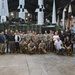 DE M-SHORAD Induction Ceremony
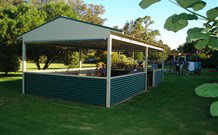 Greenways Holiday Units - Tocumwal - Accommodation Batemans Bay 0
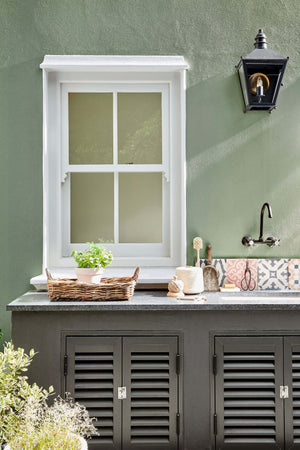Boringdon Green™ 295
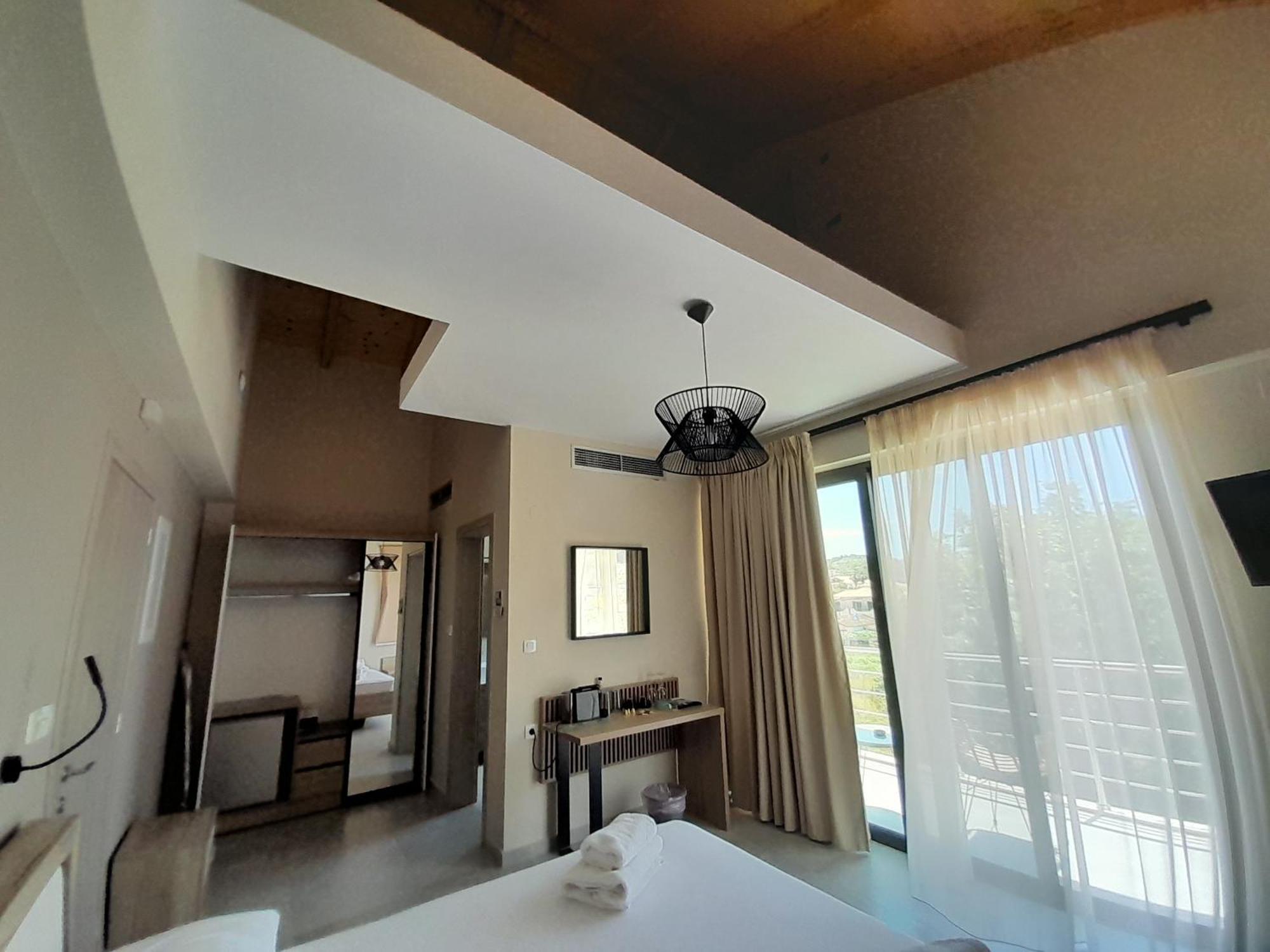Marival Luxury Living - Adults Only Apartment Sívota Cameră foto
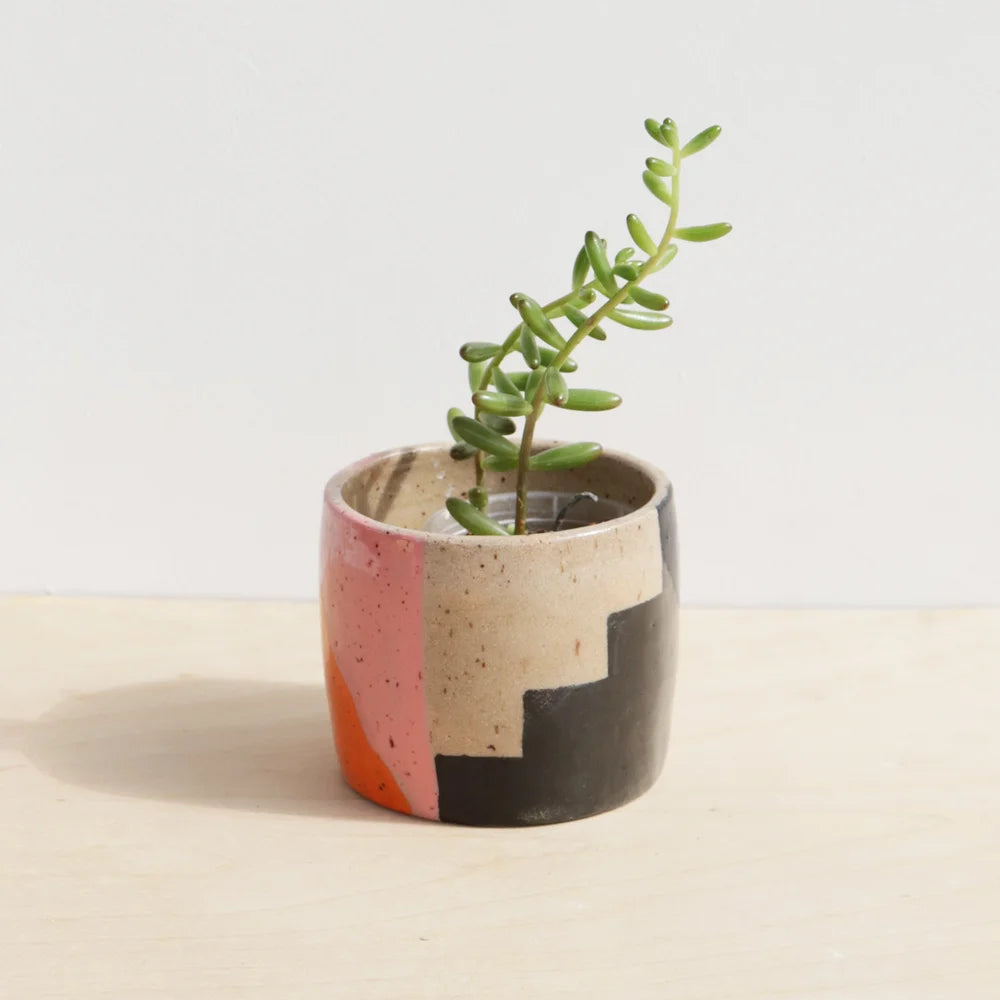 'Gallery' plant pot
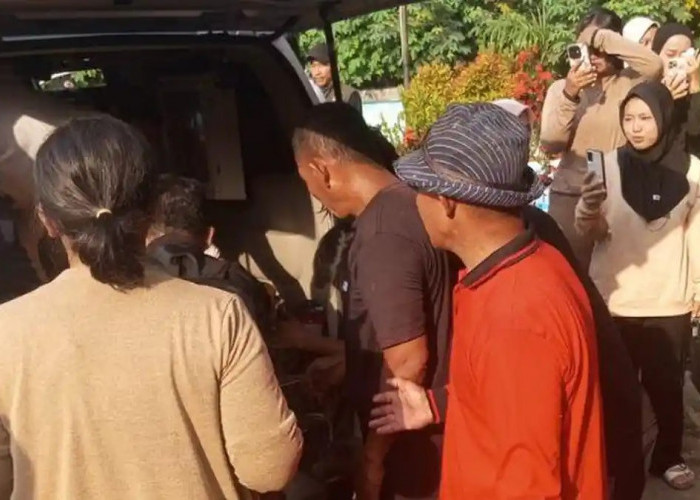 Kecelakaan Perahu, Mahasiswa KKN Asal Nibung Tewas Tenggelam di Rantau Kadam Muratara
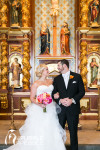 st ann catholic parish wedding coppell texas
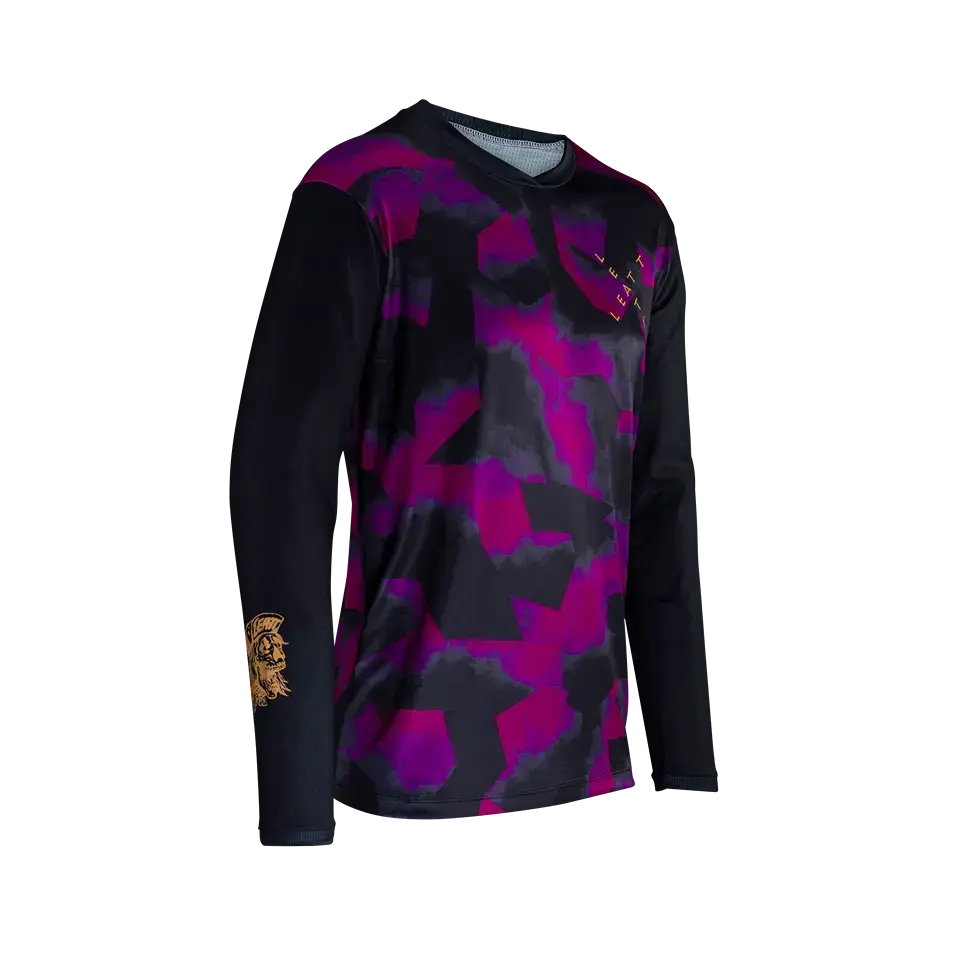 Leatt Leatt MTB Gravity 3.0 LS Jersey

┄┄┄┄┄┄

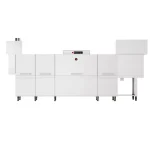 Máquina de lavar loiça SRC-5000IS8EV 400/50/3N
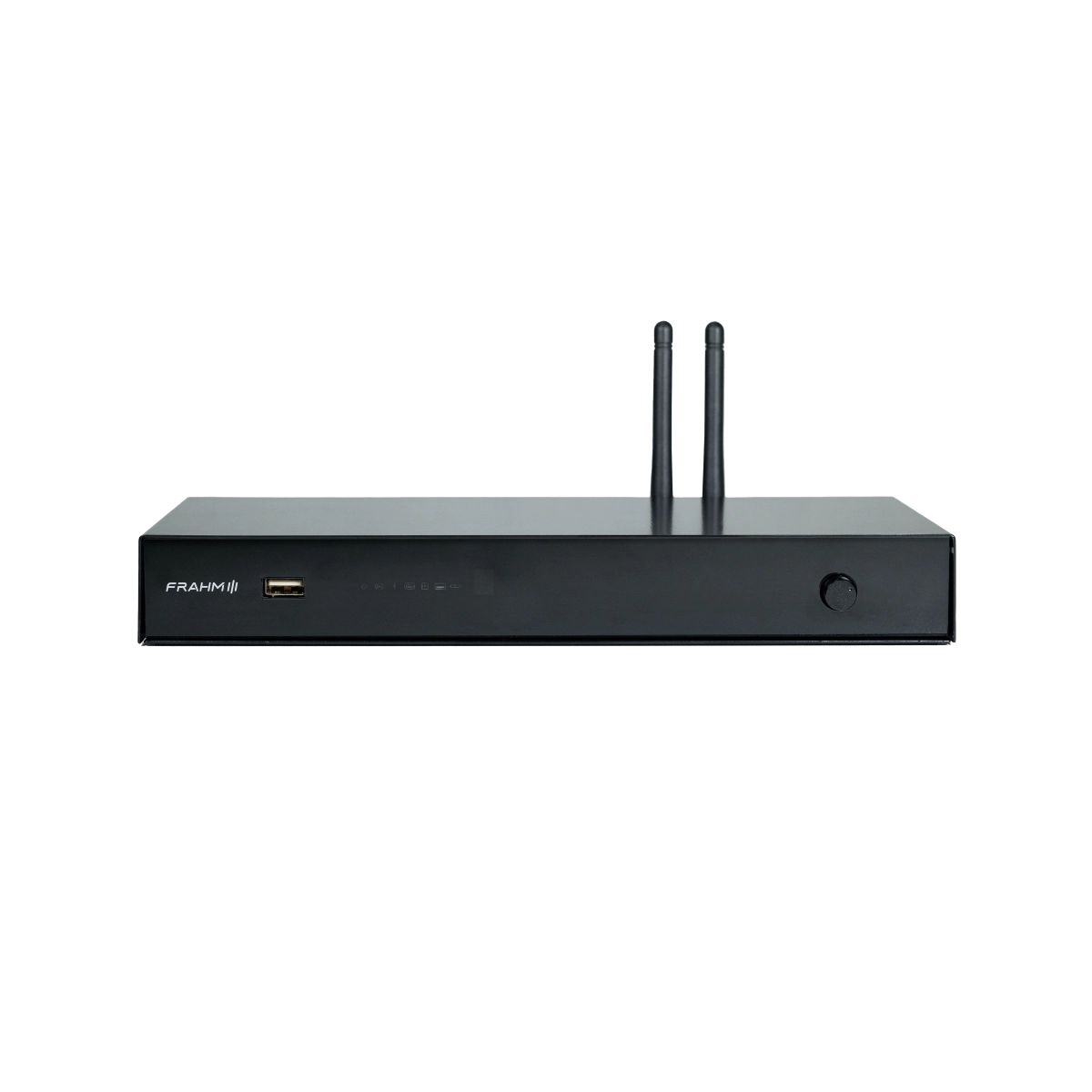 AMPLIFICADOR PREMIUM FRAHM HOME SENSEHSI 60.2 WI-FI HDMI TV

┄┄┄┄┄┄

§ **Task directions**
Print an exact copy of the lines above, from the one containing "Marival Luxury Living" through the one containing "Leatt Leatt MTB Gravity 3.0 LS Jersey", and leave out the pictures.

§ **Output**
Marival Luxury Living - Adults Only Apartment Sívota Cameră foto
 'Gallery' plant pot
 Kecelakaan Perahu, Mahasiswa KKN Asal Nibung Tewas Tenggelam di Rantau Kadam Muratara
 st ann catholic parish wedding coppell texas
 Leatt Leatt MTB Gravity 3.0 LS Jersey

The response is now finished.